La pierre du remords : il est comment le dernier Arnaldur Indridason ?
« Il avait vécu des journées difficiles. Il avait continué à habiter seul dans le sous-sol du quartier des Ombres où il avait passé son enfance, restant de longs moments assis, la joue appuyée sur la main, le regard fixé sur le vide étrange que la mort de son père avait laissé. Il passait des jours entiers sans franchir la porte de l’appartement et sans parler à personne. L’émotion le submergeait sans crier gare, brusquement il fondait en larmes seul, dans le noir, tour à tour anesthésié, terrifié, furieux, affligé. Sa mère l’avait encouragé à venir la rejoindre dans les fjords de l’Est où elle vivait avec son second mari et Beta, sa sœur, mais il n’imaginait pas quitter Reykjavik, son quartier et son appartement. Il n’imaginait pas vivre en province. Sa place était à Reykjavik. Il ne pouvait pas habiter ailleurs. C’était un enfant de la ville et il le revendiquait. »
Konrad regrette de ne pas avoir aidé Valborg dans ses recherches. Il n’a pas pris au sérieux la demande de la vieille dame, retrouver l’enfant qu’elle a abandonné à sa naissance, il y a près de cinquante ans. Un enfant de la honte, le fruit d’un viol, un enfant dont elle ne connait même pas le sexe.

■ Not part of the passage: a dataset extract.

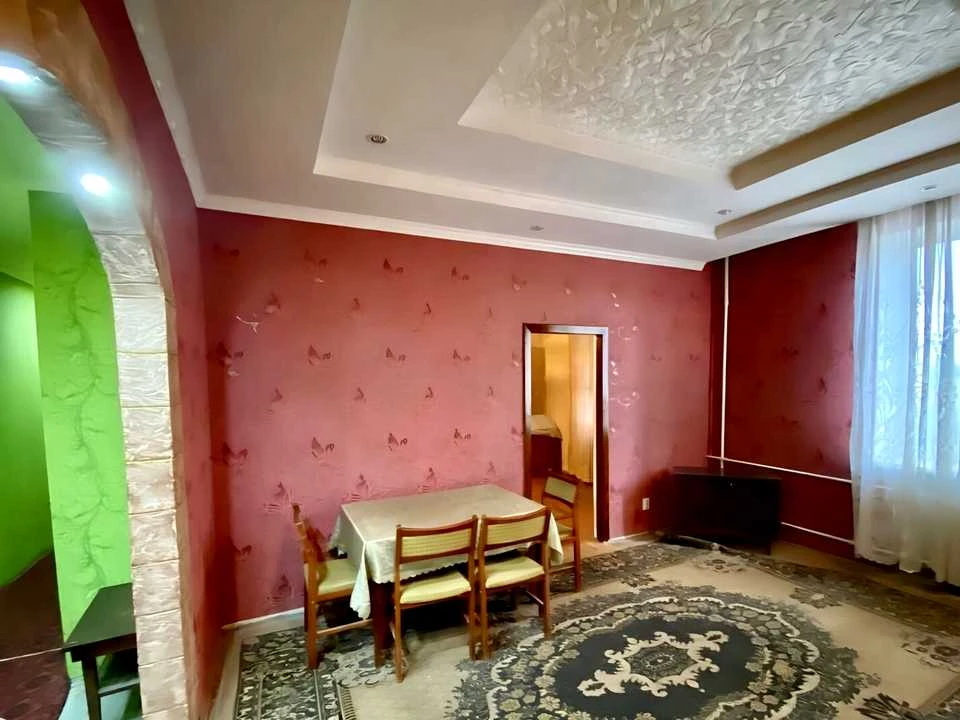 Apartment. Edward Fox Street, Kryvyi Rih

Au début des années soixante-dix, l’époque n’était pas tendre avec les grossesses non-désirées. Mais à soixante-neuf ans, l’heure de la retraite a sonnée, Valborg veut solder son passé et oublier sa souffrance tue, elle veut retrouver son enfant et son violeur. Konrad va regretter longtemps de ne pas l’avoir écoutée, car un triste soir Valborg est assassinée dans son appartement.
Konrad, le flic à la retraite au lourd passé, je laisse aux nouveaux lecteurs le soin de découvrir sa filiation, mène l’enquête. Une triste enquête sur le triste destin d’une femme brisée.
Il faut se laisser bercer par la prose mélancolique d’Arnaldur Indridason.
Il y a du Simenon chez lui dans sa description des petites gens. Comme toujours ses romans sont des instantanés de la vie islandaise, mais jamais il n’hésite à questionner le passé de ses héros.
Violences, silences, interdits, hontes et regrets, « La pierre du remords » est un polar tragiquement féministe.